Englischer Sexskandal: Minister hat eine Affäre mit Lobbyistin
Von Georg Szalai
Großbritannien. „Betrügerischer Hancock“, titelte The Sun. Darunter war eines von mehreren Fotos des 42-jährigen Gesundheitsministers Matt Hancock beim intimen Küssen einer Frau in seinem Büro. Dass beide verheiratet sind, aber nicht miteinander, und beide drei Kinder haben, aber nicht miteinander, ließ sie sich auf der Zunge zergehen. Die „heiße Umklammerung“ seiner Beraterin und Bekannten aus Oxford-Studienzeiten, Gina Coladangelo, 43, war Beweis einer „geheimen Affäre“.
Das Liebesdrama in Zeiten von Corona zog bald weitere politische Kreise. Denn die Fotos von einer Überwachungskamera stammen vom 6. Mai. Laut Regierungsempfehlung dürfen aber in England Menschen, die nicht zusammen wohnen, erst seit dem 17. Mai wieder Umarmungen und Küsse austauschen. Hancock riet damals ironischerweise zu wohlüberlegter Zärtlichkeit: „Wir sollten alle vorsichtig sein.“ Das war er auch am Freitag aus Angst vor Tuchfühlung mit Medien und sagte den Besuch einer Impfstelle ab.

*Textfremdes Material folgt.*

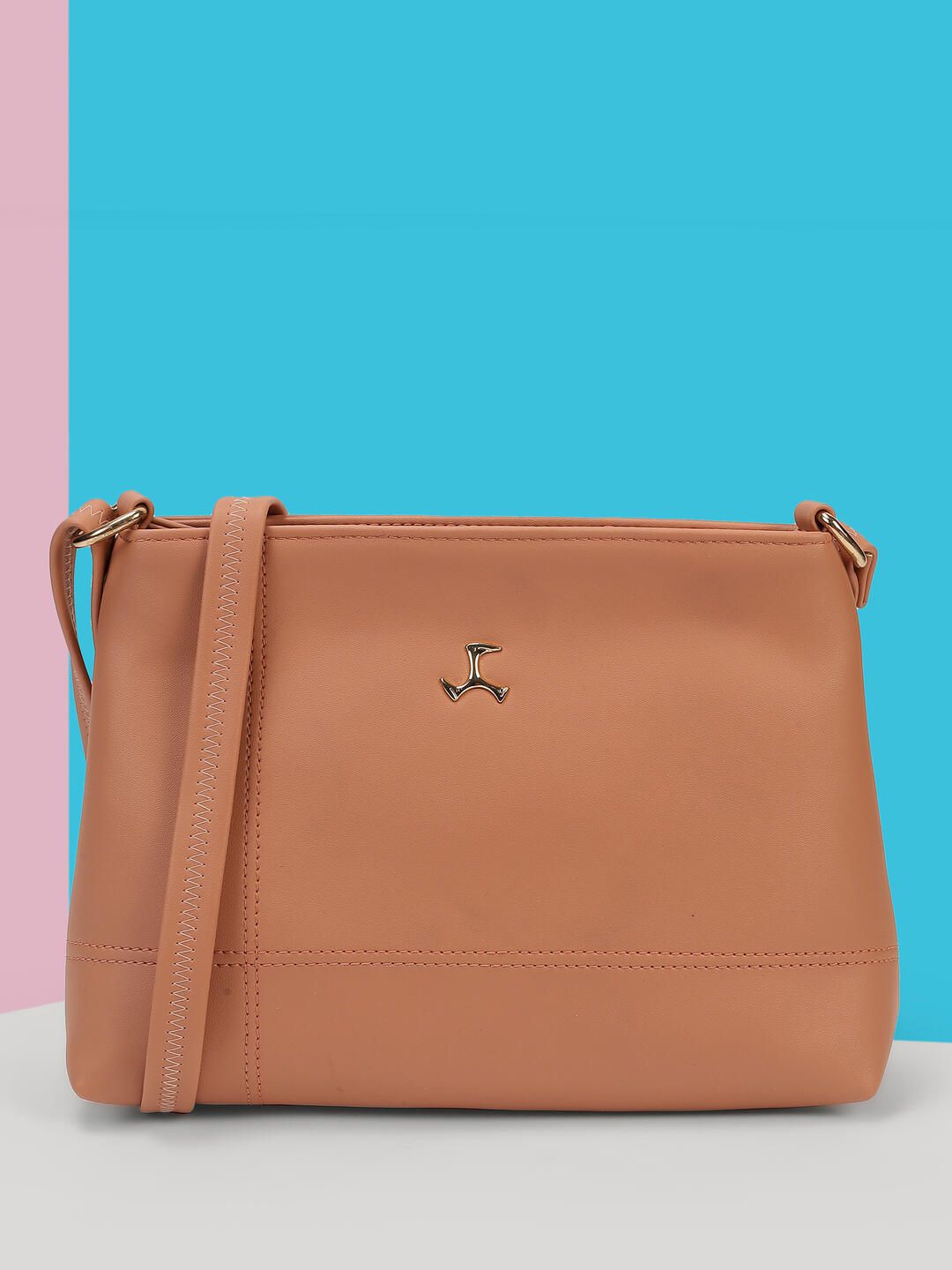 Mochi PU Shopper Sling Bag-picture-37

Zur Mittagszeit musste er dann aber doch zugeben, ertappt worden zu sein. „Ich habe in diesem Fall gegen die Abstandsregeln verstoßen“, sagte er, zeigte sich „very sorry“ und bat, die „Privatsphäre“ seiner Familie zu respektieren. Als Minister wolle er aber weitermachen und sich auf den Kampf gegen Corona konzentrieren.
Freunderlwirtschaft
Dennoch rückte die Affäre Fragen über den Regierungsstil von Premier Boris Johnsons konservativen Tories, die mit Vorwürfen der „chumocracy“, also Freunderlwirtschaft, kämpfen, erneut ins Rampenlicht. Denn Hancocks vermeintliche Liebhaberin ist Kleinaktionärin einer Lobbying-Firma, für die sie früher arbeitete. Letztes Jahr gab der Minister ihr zunächst einen unbezahlten Posten und stellte sie dann liebevoll als Beraterin mit 15.000 Pfund (17.900 Euro) Jahresgehalt aus Steuergeld an, was schon damals für Aufregung sorgte. Verkehrsminister Grant Shapps kam in einem TV-Interview zum Handkuss, hielt aber seine Zunge im Zaum und sagte, die „unglaublich rigorosen“ Prozesse bei der Einstellung von Beratern seien hier eingehalten worden.
Die Labour-Opposition ließ die verbale Peitsche knallen und drängte Premier Johnson, Hancock den Laufpass zu geben. Sein Verhalten sei „ein eklatanter Machtmissbrauch und ein klarer Interessenkonflikt“. Labour sagte, dass Hancock schon bei anderen fragwürdigen Entscheidungen involviert war. So soll er Millionenaufträge für Corona-Ausrüstung ohne eingehende Prüfung an Freunde verteilt haben. Johnson dagegen betrachtet „die Angelegenheit als erledigt“.
Der Gesundheitsminister steht schon länger unter Beschuss: Johnsons Ex-Berater Dominic Cummings sagte, er hätte entlassen werden müssen, weil er in Sitzungen gelogen habe. Johnson selbst soll ihn einen „total hoffnungslosen“ Fall genannt haben. Seither nennt ihn die Boulevardpresse Hopeless Hancock.